WORK REQUIRED: Write out all of the records below precisely as given, omitting the images.

Web page caption snippets
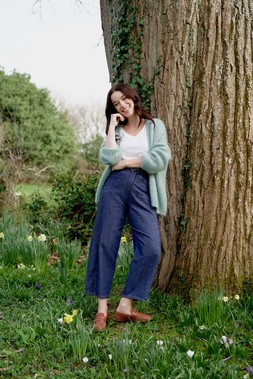 Dina Chunky Cardigan – Mint, £98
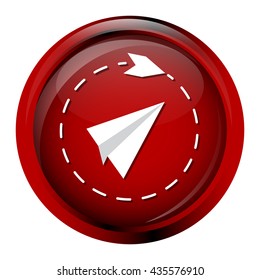 Paper Plane icon, Delivery sign button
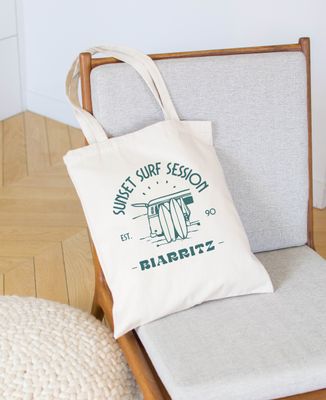 Tote Bag Personalisierte Surfsession
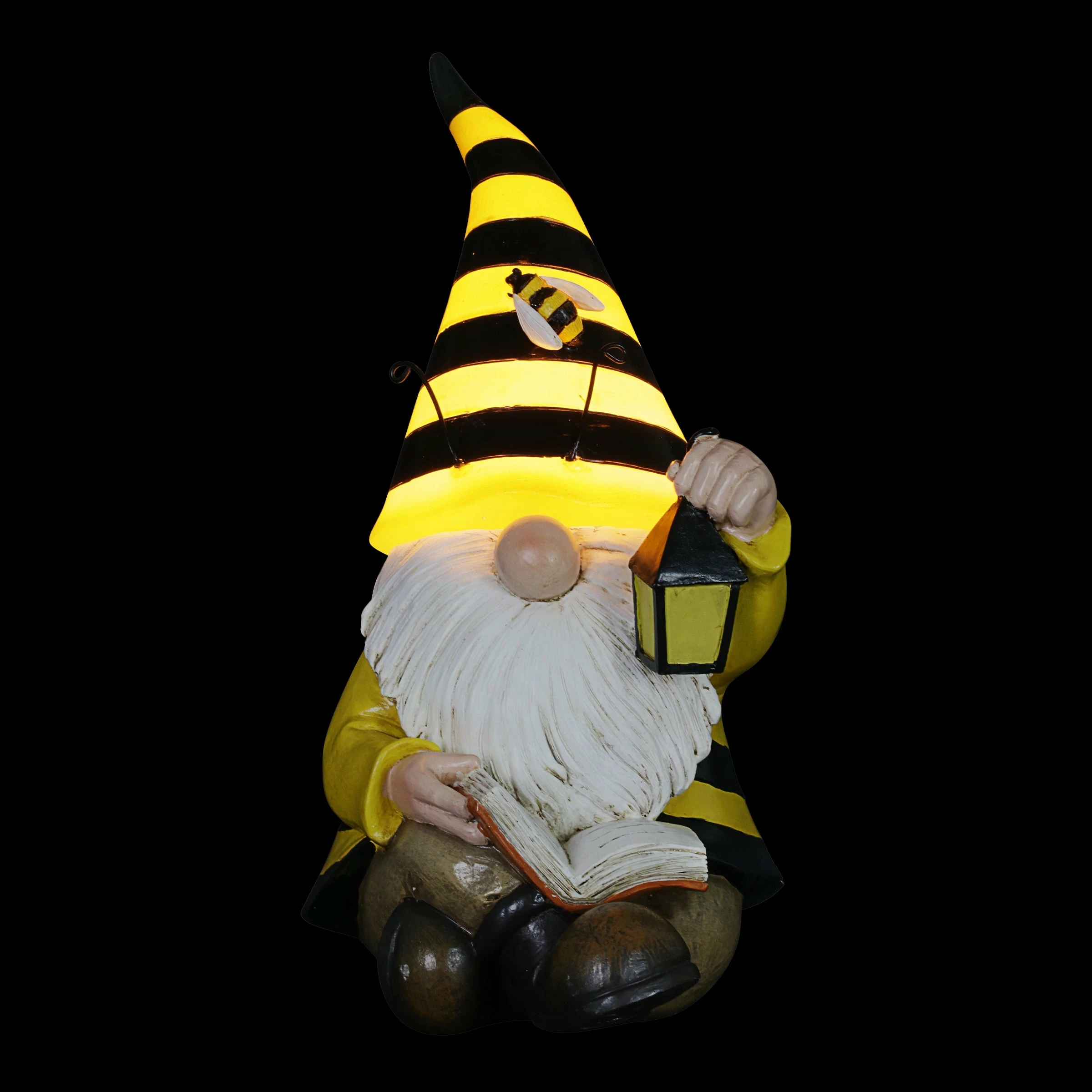 Cheapest 𧨠Cheap 𧨠Exhart Solar Beekeeper Garden Gnome With Book And Lantern Statuary, 5.5 By 9.5 Inches β βοΈ - Image 9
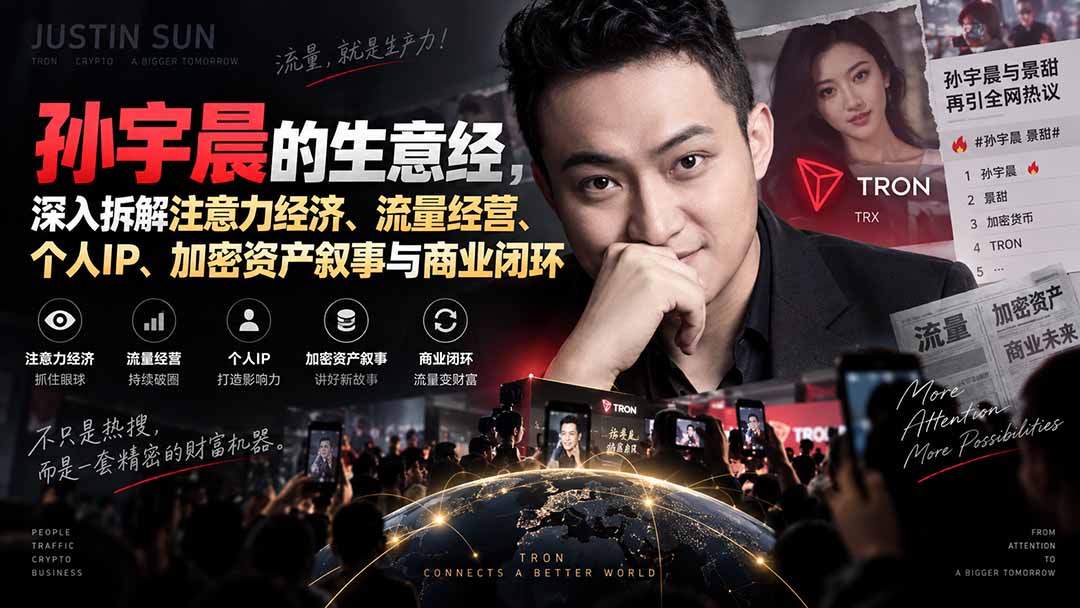 某星球精华文章——孙宇晨的生意经，深入拆解注意力经济、流量经营、个人IP、加密资产叙事与商业闭环-轻创终点站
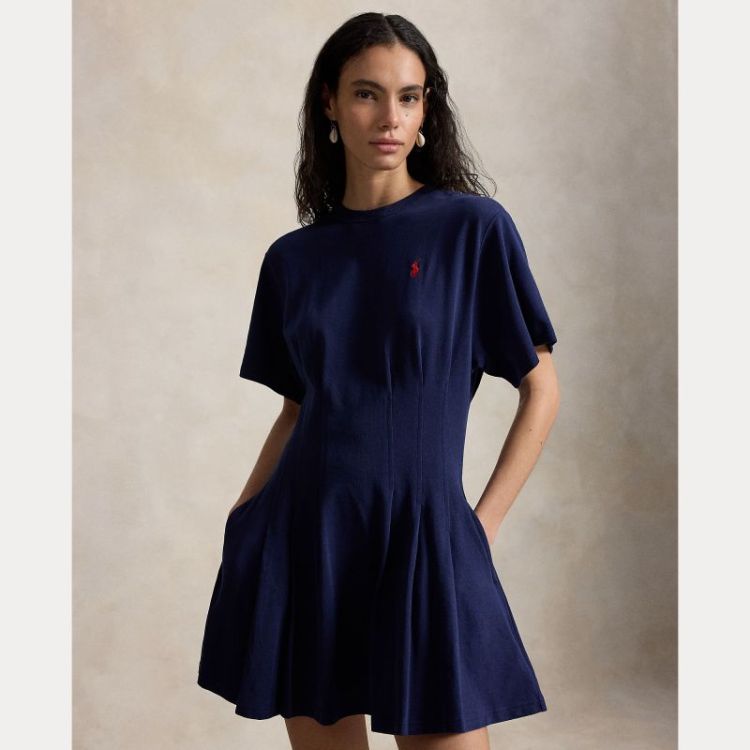 SHORT SWEATER DRESS NEWPORT NAVY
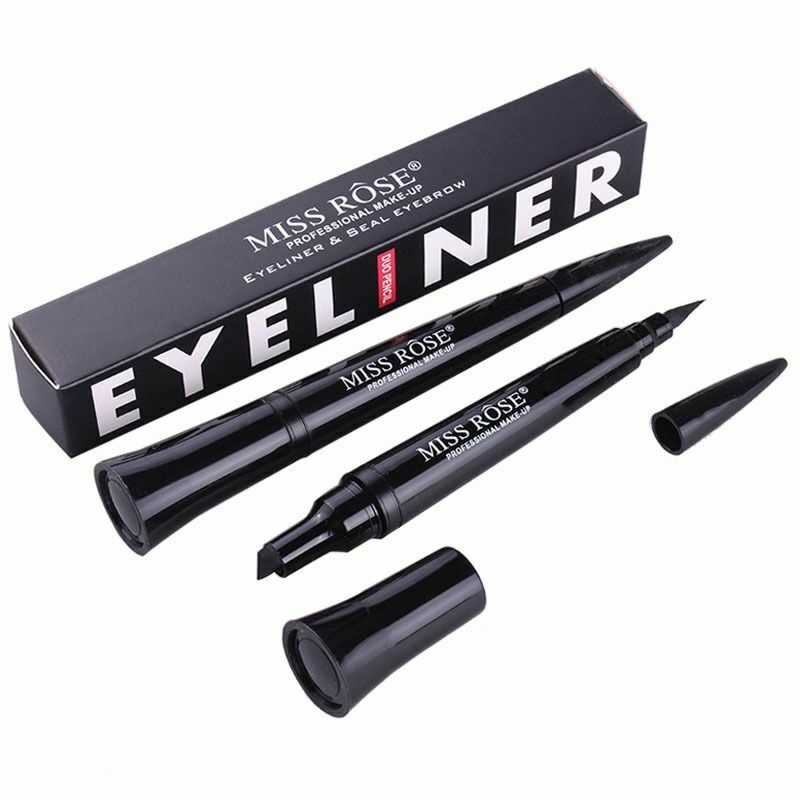 Miss Rose Eyeliner Pen Black Eyeliner Pencil Stamp Double Head Liquid Eye L S8T8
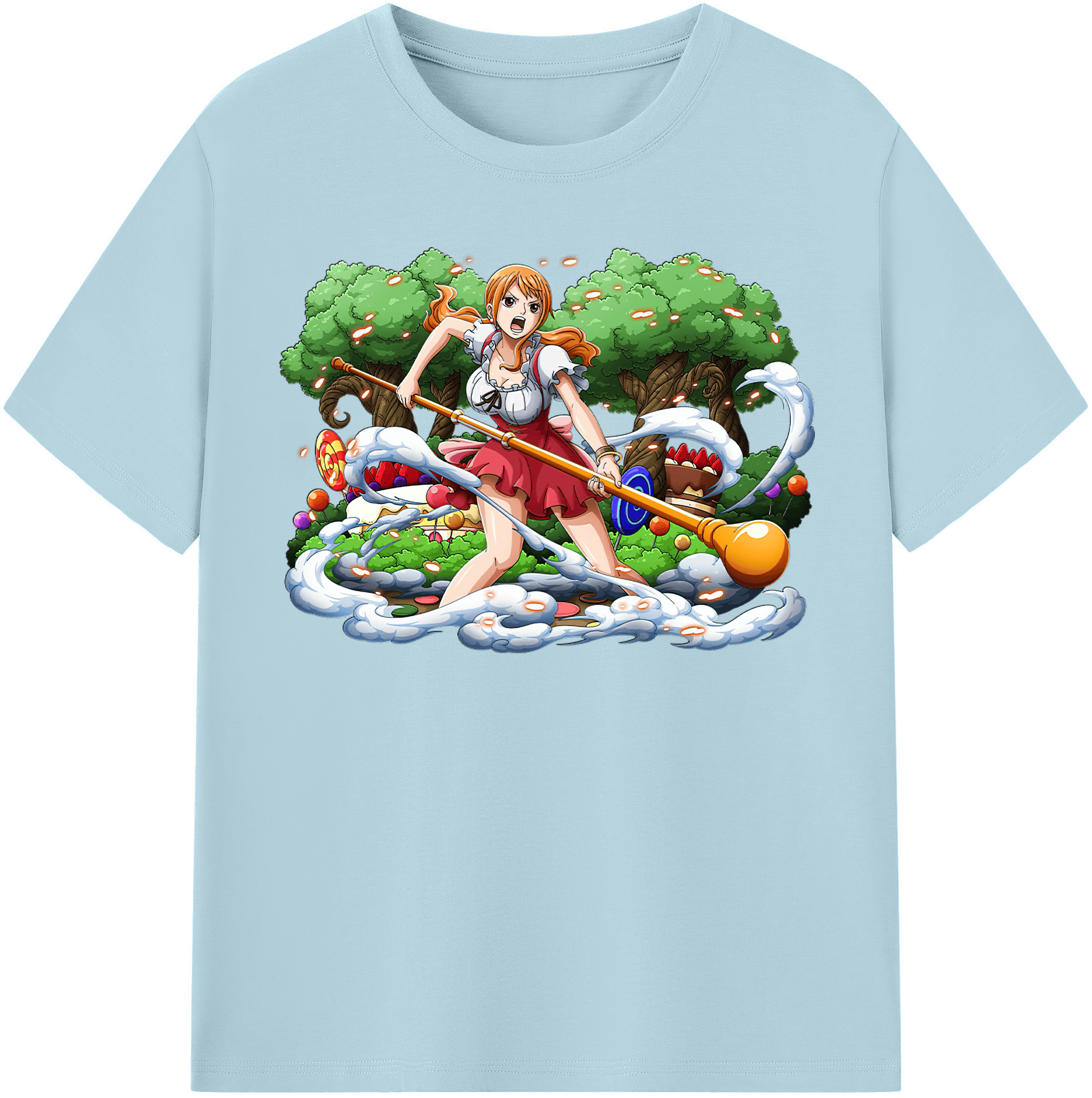 ワンピース ナミ ONE PIECE Nami 綿100％半袖Tシャツ（フロントプリント）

RESULT OF THIS EXERCISE:
 Dina Chunky Cardigan – Mint, £98
 Paper Plane icon, Delivery sign button
 Tote Bag Personalisierte Surfsession
 Cheapest 𧨠Cheap 𧨠Exhart Solar Beekeeper Garden Gnome With Book And Lantern Statuary, 5.5 By 9.5 Inches β βοΈ - Image 9
 某星球精华文章——孙宇晨的生意经，深入拆解注意力经济、流量经营、个人IP、加密资产叙事与商业闭环-轻创终点站
 SHORT SWEATER DRESS NEWPORT NAVY
 Miss Rose Eyeliner Pen Black Eyeliner Pencil Stamp Double Head Liquid Eye L S8T8
 ワンピース ナミ ONE PIECE Nami 綿100％半袖Tシャツ（フロントプリント）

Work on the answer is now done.